▶ [Task directions] Leave out every picture, and return exactly the lines from the line containing "image for item" through the end of the records below, both inclusive.

#### Information

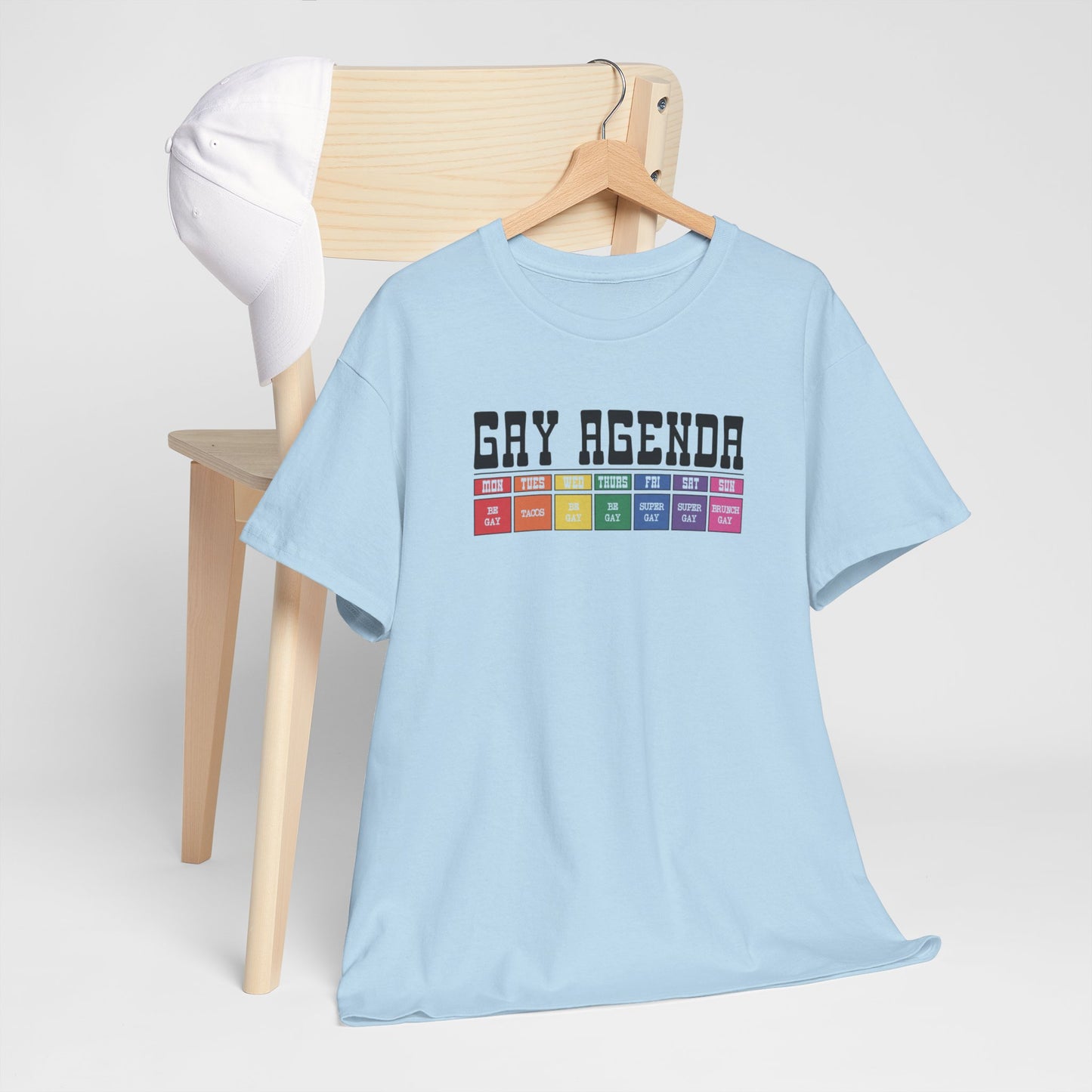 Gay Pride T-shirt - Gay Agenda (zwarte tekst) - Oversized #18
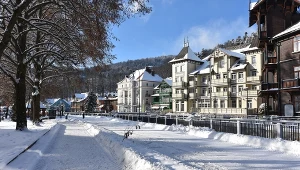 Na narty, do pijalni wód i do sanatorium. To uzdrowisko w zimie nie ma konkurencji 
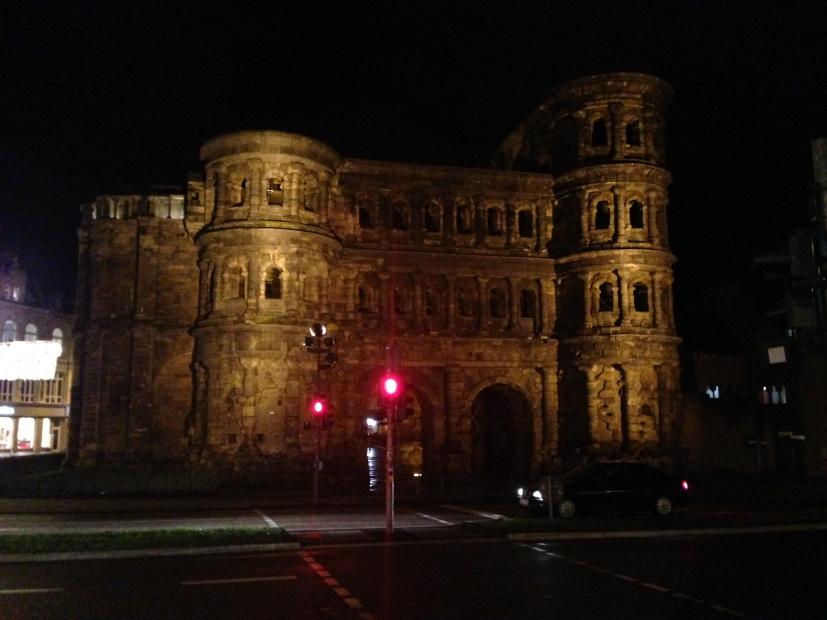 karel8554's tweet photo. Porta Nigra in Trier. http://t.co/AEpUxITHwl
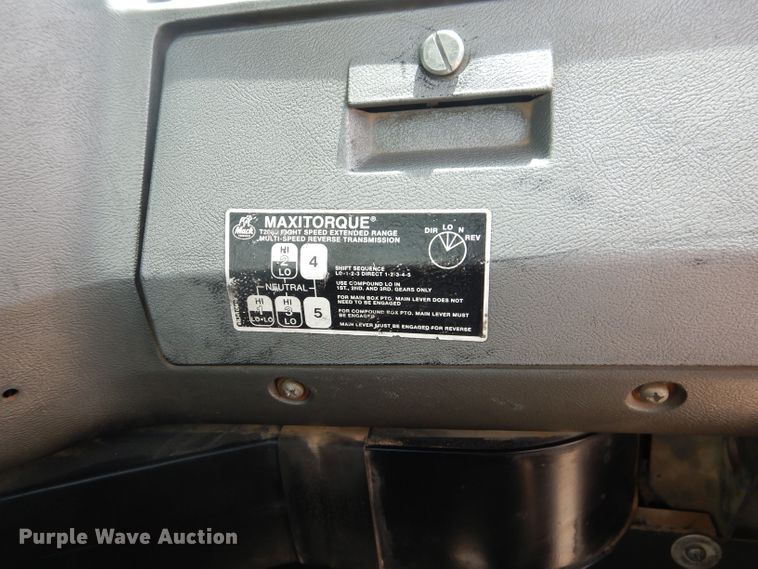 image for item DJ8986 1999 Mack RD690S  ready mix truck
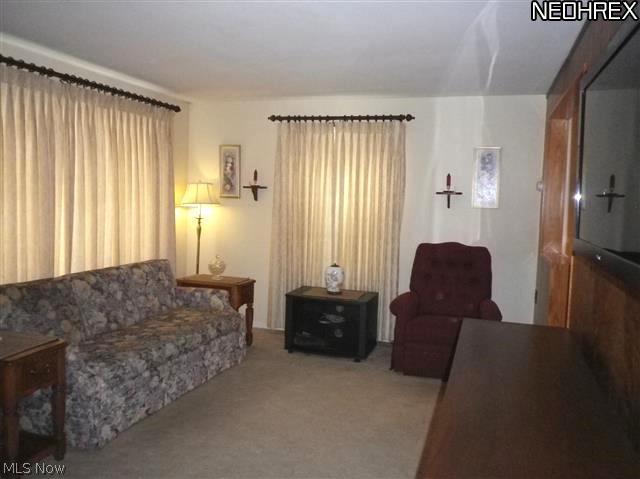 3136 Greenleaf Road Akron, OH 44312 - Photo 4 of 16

########

▶ [Response to the exercise]
 image for item DJ8986 1999 Mack RD690S  ready mix truck
 3136 Greenleaf Road Akron, OH 44312 - Photo 4 of 16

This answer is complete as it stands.